[Recorded data]
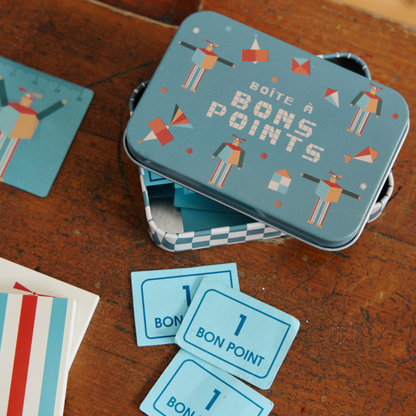 Boîte à bons points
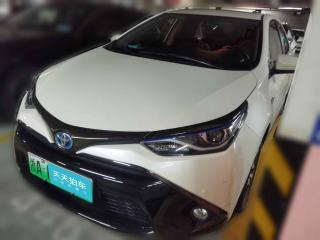 豐田雷凌雙擎E+2019款1.8PHGSE-CVT精英天窗版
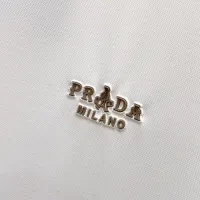 Cheap Prada Shirts Short Sleeved For Men #1426909 Replica Wholesale [$52.00 USD] [ITEM#1426909] on Replica Prada Shirts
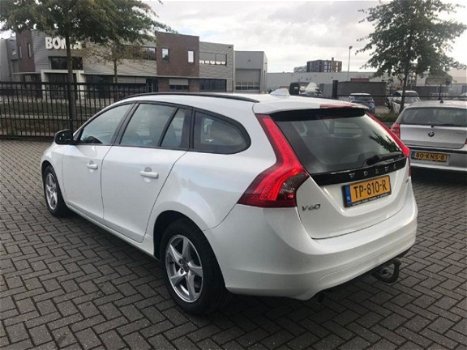 Volvo V60 - 2.0 D3 navi trekhaak - 1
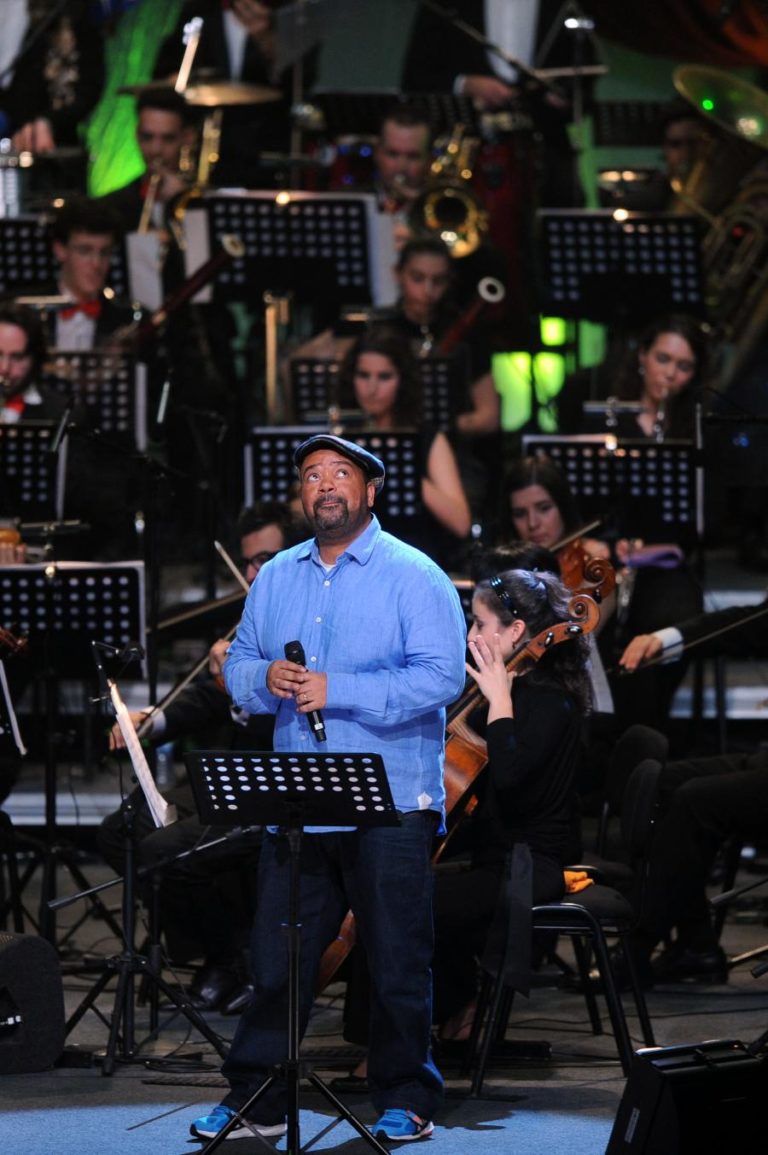 “Independência” é o novo álbum do músico Paulo Flores a apresentar no Coliseu de Lisboa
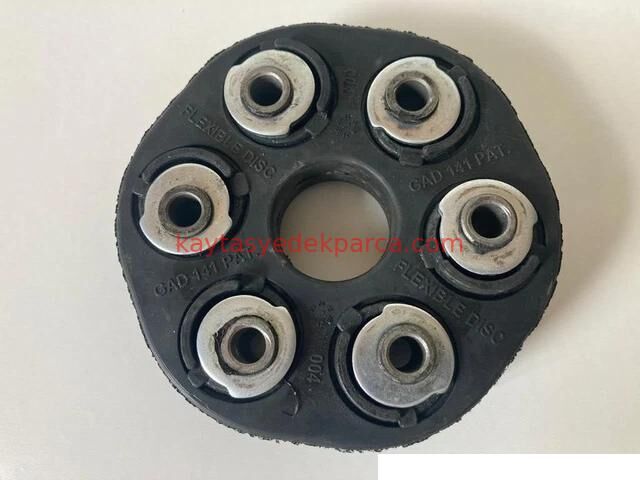 A1244100615-MEY-ŞAFT KÖSELESİ, W124-201 ÖN BÜYÜK Y.TİP TK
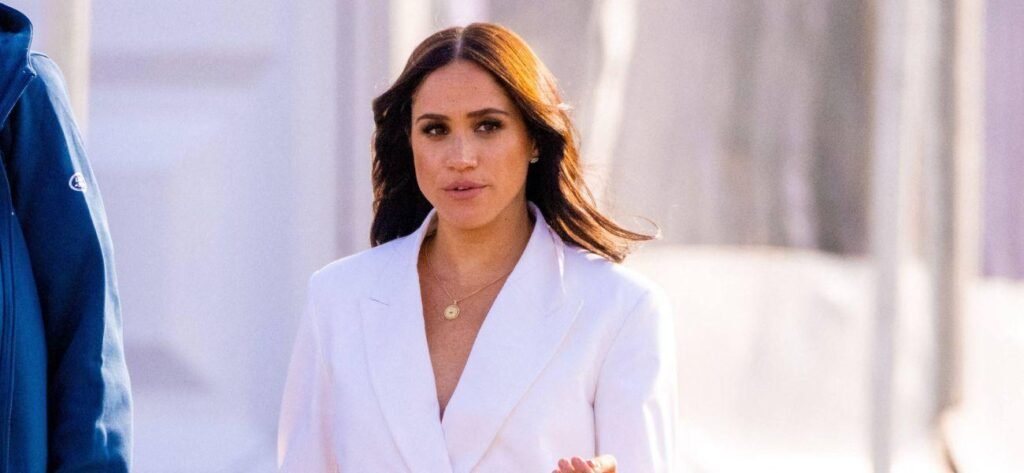 Meghan Markle Not To Blame For ‘Absurd’ Duchess Announcement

PROBLEM REQUIREMENTS:
Print all the lines above exactly as they are, but without the pictures.

OUTPUT OF THE EXERCISE:
 Boîte à bons points
 豐田雷凌雙擎E+2019款1.8PHGSE-CVT精英天窗版
 Cheap Prada Shirts Short Sleeved For Men #1426909 Replica Wholesale [$52.00 USD] [ITEM#1426909] on Replica Prada Shirts
 Volvo V60 - 2.0 D3 navi trekhaak - 1
 “Independência” é o novo álbum do músico Paulo Flores a apresentar no Coliseu de Lisboa
 A1244100615-MEY-ŞAFT KÖSELESİ, W124-201 ÖN BÜYÜK Y.TİP TK
 Meghan Markle Not To Blame For ‘Absurd’ Duchess Announcement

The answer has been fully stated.